Les interprètes humains assurent précision et nuance lorsque le contenu oral est complexe, rapide ou sensible. La traduction vocale par IA et les sous‑titres en direct alimentés par l’IA offrent immédiateté et échelle, notamment pour les grandes réunions publiques ou les événements en ligne où l’information doit être disponible instantanément. Lorsqu’ils sont utilisés ensemble, ces approches renforcent la couche de communication que le Titre II attend des entités publiques. Elles contribuent à garantir que les personnes sourdes, malentendantes ou qui dépendent d’une traduction vocale puissent suivre les procédures, participer aux discussions et accéder à l’information en même temps que tout le monde.
Regarder vers l'avenir
La règle d'accessibilité des applications Web et mobiles du titre II de l'ADA représente une étape importante dans la modernisation de l'accès numérique aux services publics. Elle apporte clarté, structure et échéances qui aident les entités publiques à planifier en toute confiance.
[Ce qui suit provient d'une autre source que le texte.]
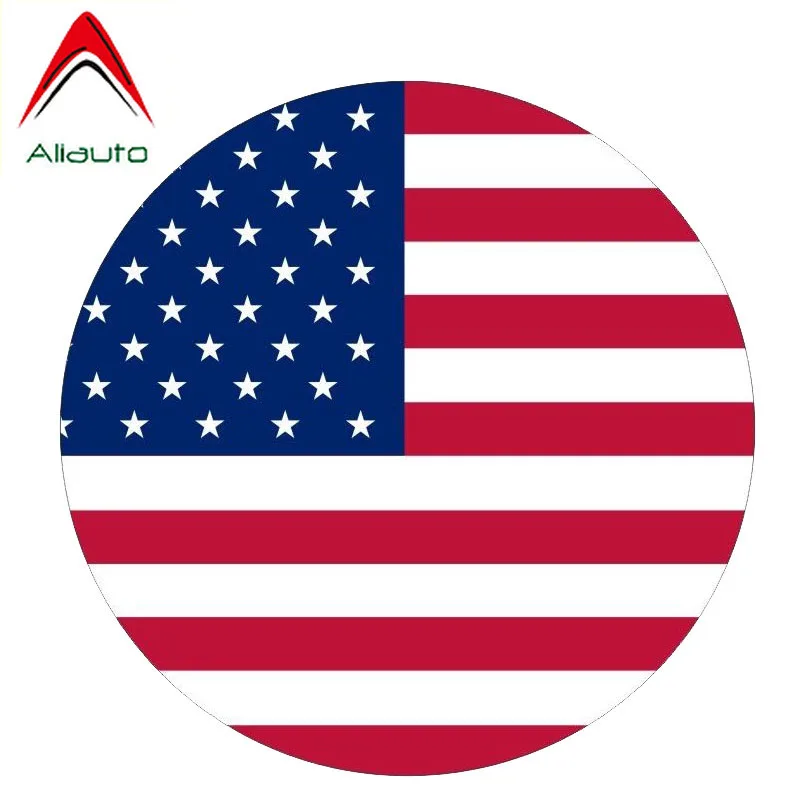 Aliauto забавная Автомобильная наклейка стиль американский флаг США аксессуары ПВХ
Plus important encore, elle renforce un principe qui guide l'ADA depuis 1990 : l'accès à la vie publique doit être équitable.
Les entités publiques qui investissent tôt dans l'accessibilité, la formation du personnel et la communication efficace ne se contenteront pas seulement de répondre aux attentes réglementaires. Elles créeront également des environnements numériques qui servent leurs communautés avec dignité et respect.